Description of the task
I'd ask you to write out the lines below exactly, with no images.

Material provided
'''

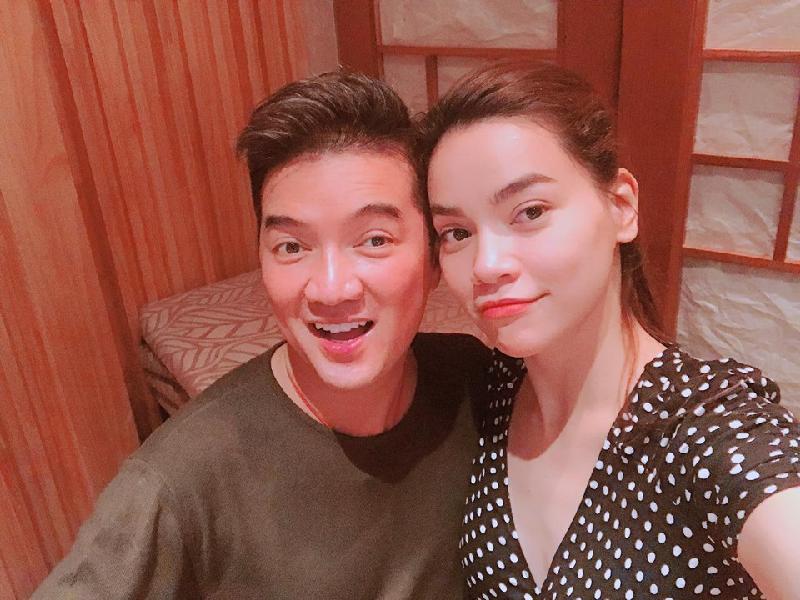 Hai ca sĩ thân thiết như chưa hề có cuộc chia ly.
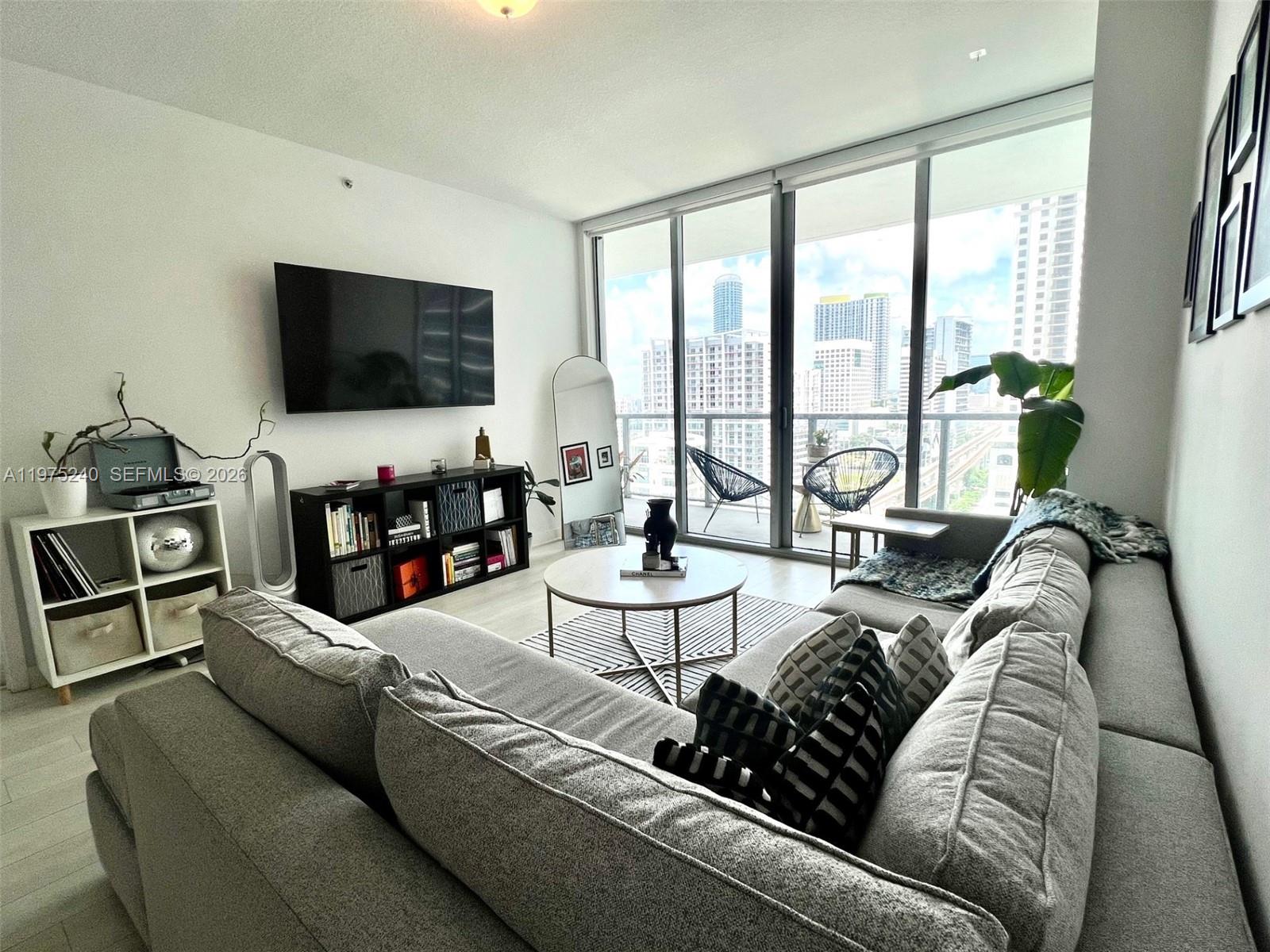 79 SW 12th St #2010, Miami FL 33130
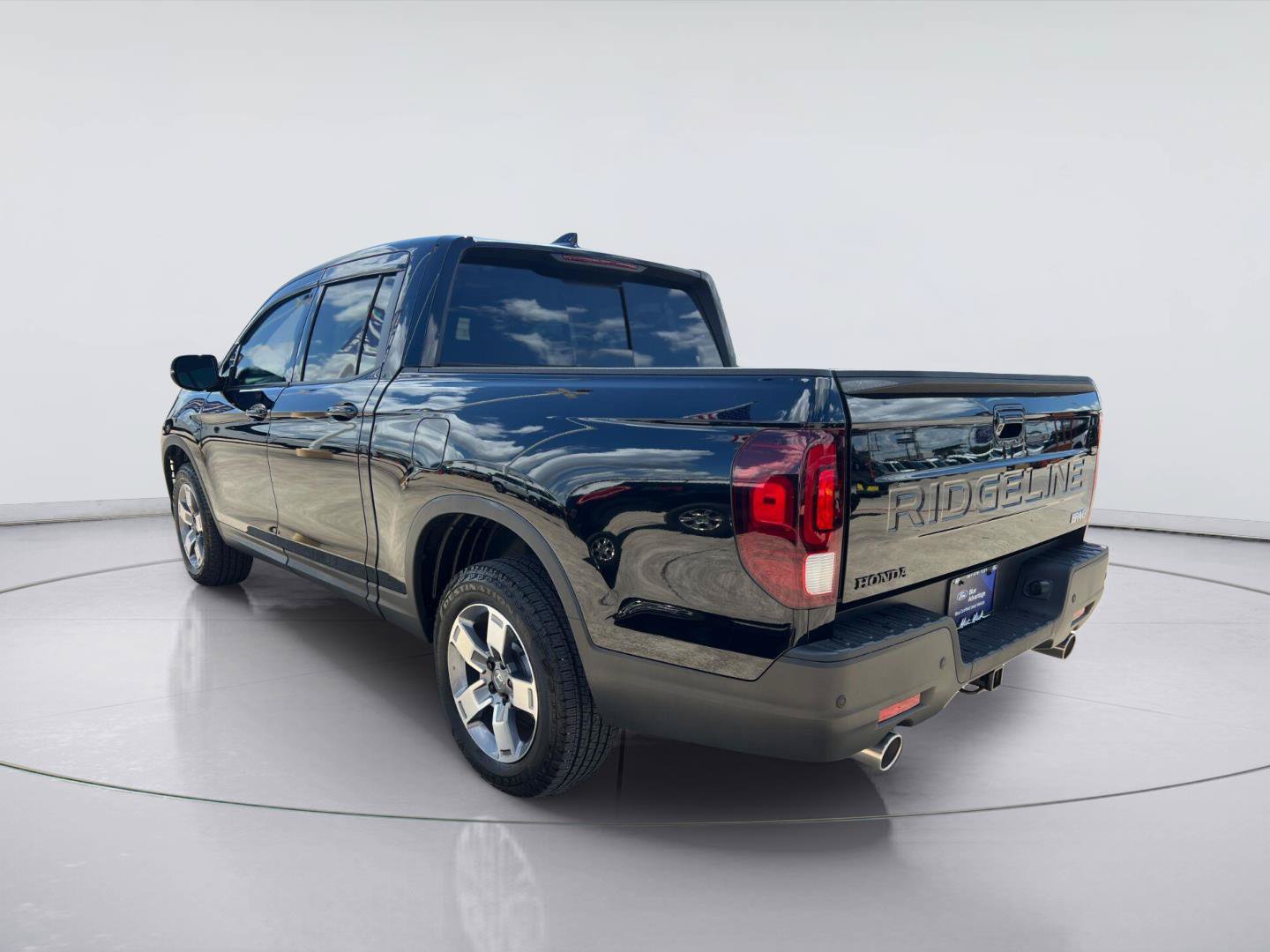 Used 2026 Honda Ridgeline Black Edition image 5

'''

Response
 Hai ca sĩ thân thiết như chưa hề có cuộc chia ly.
 79 SW 12th St #2010, Miami FL 33130
 Used 2026 Honda Ridgeline Black Edition image 5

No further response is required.